L’importance de cette question a conduit à interroger en profondeur la communauté POP by BVA sur plusieurs aspects des questions de pouvoir d’achat : sentiment que les réformes en cours sont bonnes et justes, qu’elles portent déjà leurs fruits ou pas et même les opérations commerciales sur les pots de Nutella ! Et l’on peut dire qu’ils se sont régalés… Les commentaires et les rebonds sur les commentaires ont été nombreux, nourris et forts intéressants. Si l’on veut résumer d’un trait la tonalité d’ensemble des discussions on peut dire : gros soucis pour le gouvernement… !

Les discussions font apparaître une triple inquiétude et un profond sentiment d’injustice. Ce sentiment d’injustice est éprouvé de manière écrasante par les retraités, vis-à-vis de la hausse de la CSG ; ils ont le sentiment d’être stigmatisés en raison de leur âge, maltraités et injustement pointés du doigt comme des nantis alors même qu’ils ont travaillé, économisé toute leur vie et n’ont pas de grosses retraites. 

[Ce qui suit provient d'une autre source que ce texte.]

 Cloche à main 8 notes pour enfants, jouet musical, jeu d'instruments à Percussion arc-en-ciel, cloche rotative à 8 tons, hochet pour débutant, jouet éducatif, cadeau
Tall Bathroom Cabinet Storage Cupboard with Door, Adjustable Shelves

La triple inquiétude apparaît chez les actifs : une hantise du déclassement social à travers la crainte de la vie chère et du retour de l’inflation, un doute sur le gain net de salaire perçu à l’issu des réformes (plusieurs membres ont comparé leurs bulletins de salaires de l’automne 2017 et de janvier 2018 et constatent un salaire… moindre, y compris lorsqu’ils disent avoir utilisé le site du Ministère de l’Economie), une conviction que la suppression de la taxe d’habitation sera remplacée tôt ou tard par un nouvel impôt.  

La trame de fond qui unit toutes ces crainteset ces doutes est la mise en cause de la sincérité de la parole politique. Tout se passe comme si un écran dur comme un mur séparait les intentions et convictions du gouvernement des craintes et des aspirations des Français. Le contraste est vertigineux entre les deux.

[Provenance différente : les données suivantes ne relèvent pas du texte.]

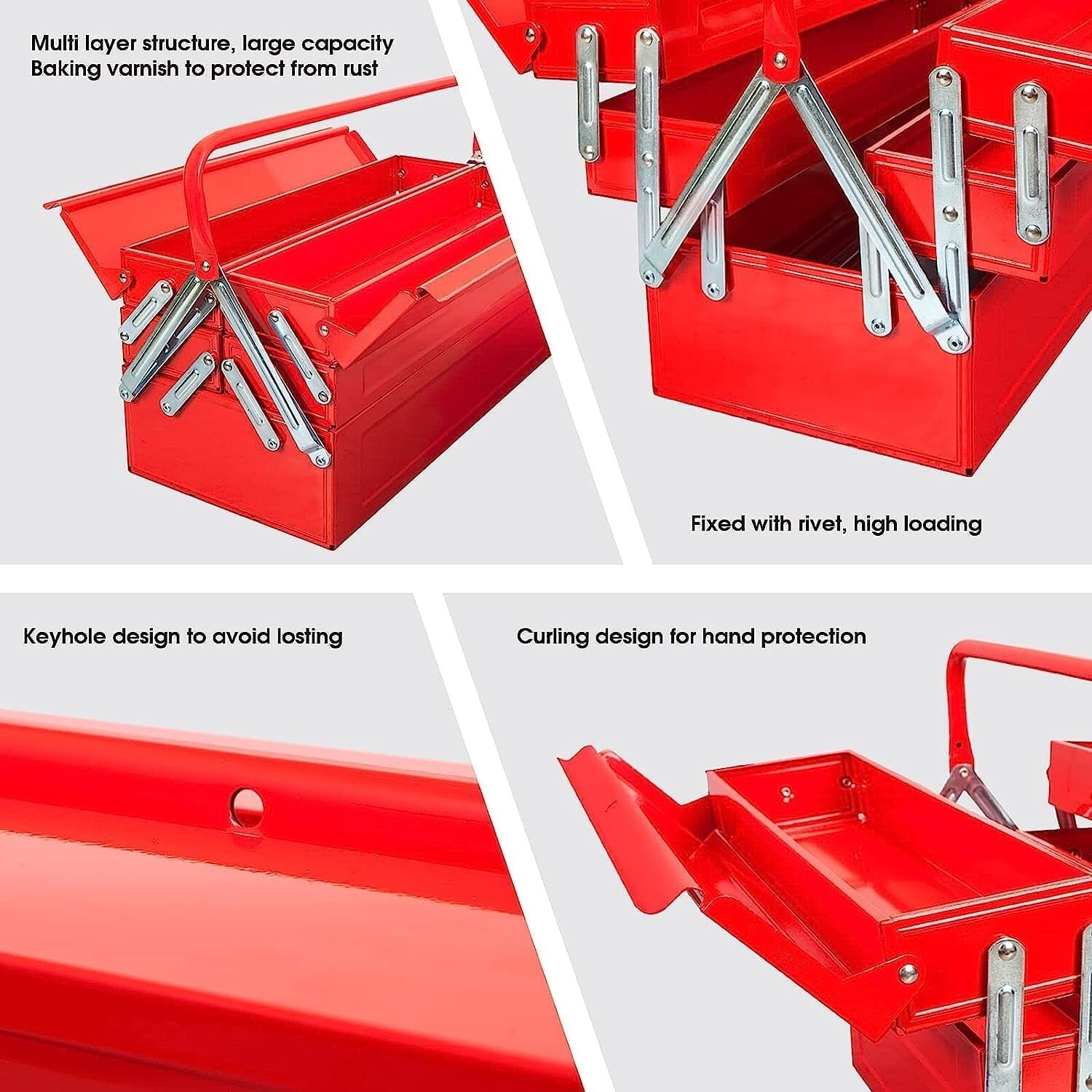 Durable 18-Inch Cantilever Toolbox - Locking Steel Organizer for DIY Projects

Comment expliquer un tel gouffre d’incompréhension ? Le recours aux modèles et aux concepts des sciences sociales est ici essentiel. Parmi ceux-ci, c’est d’abord du côté de la psychologie sociale qu’il faut aller.

Dans un ouvrage fondateur de l’analyse qualitative et des méthodes ethnographiques, Isaac Thomas et Florian Znaniecki (The Polish Peasant in Europe and America, 1920) avaient théorisé un résultat majeur concernant les mécanismes psychologiques d’adaptation à la vie américaine des migrants polonais : ce n’est pas la situation objective qui détermine la conduite et les comportements mais la définition qu’en donnent les personnes.

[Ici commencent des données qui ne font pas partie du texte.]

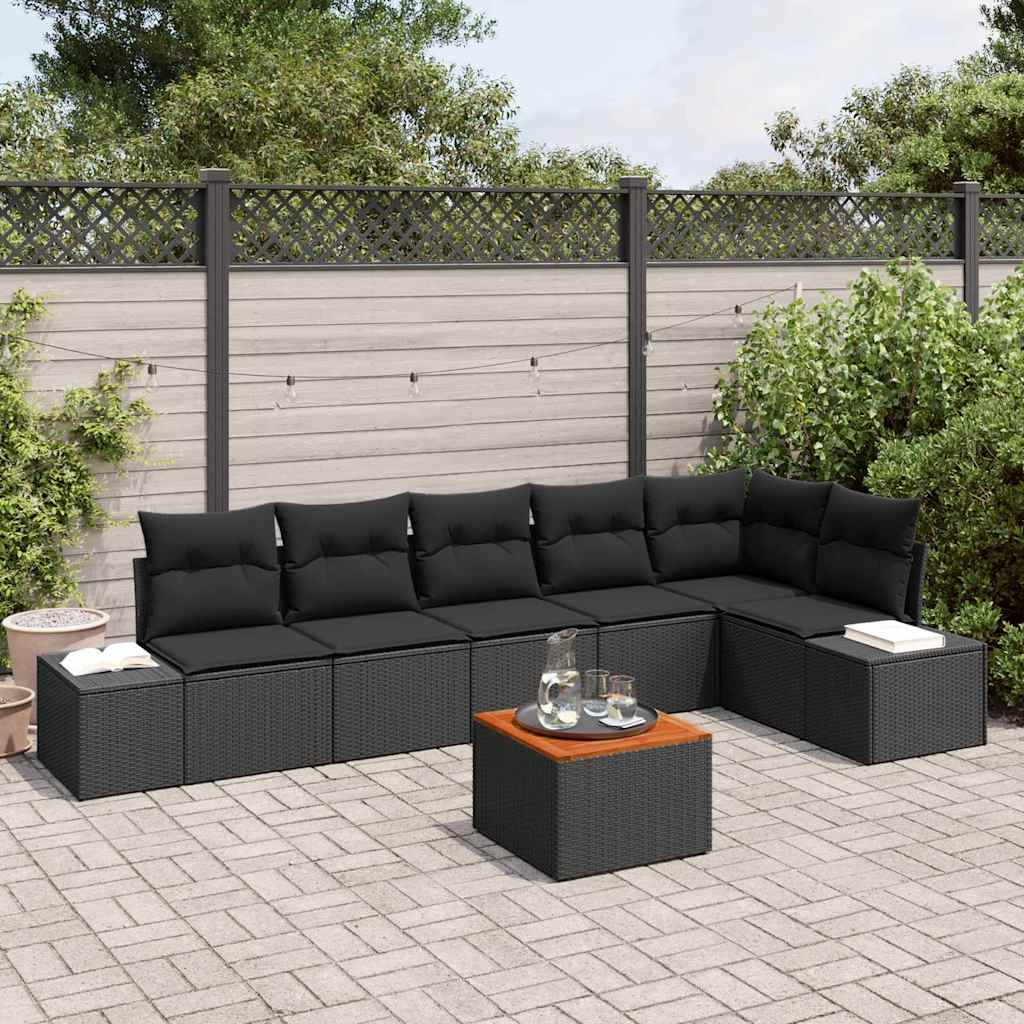 Ensemble de canapé de jardin avec stockage 7 pcs Noir polyrotin - XIOS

Selon ce résultat, dénommé par la suite « le théorème de Thomas », lorsque nous rencontrons une information ou une situation nouvelle nous développons une activité d’interprétation subjective, fortement dépendante des attitudes antérieures que nous avons. Ce théorème peut se résumer par une formule célèbre de Isaac Thomas, datant de 1923 : « si les hommes définissent une situation comme réelle, alors elle est réelle dans toutes ses conséquences ».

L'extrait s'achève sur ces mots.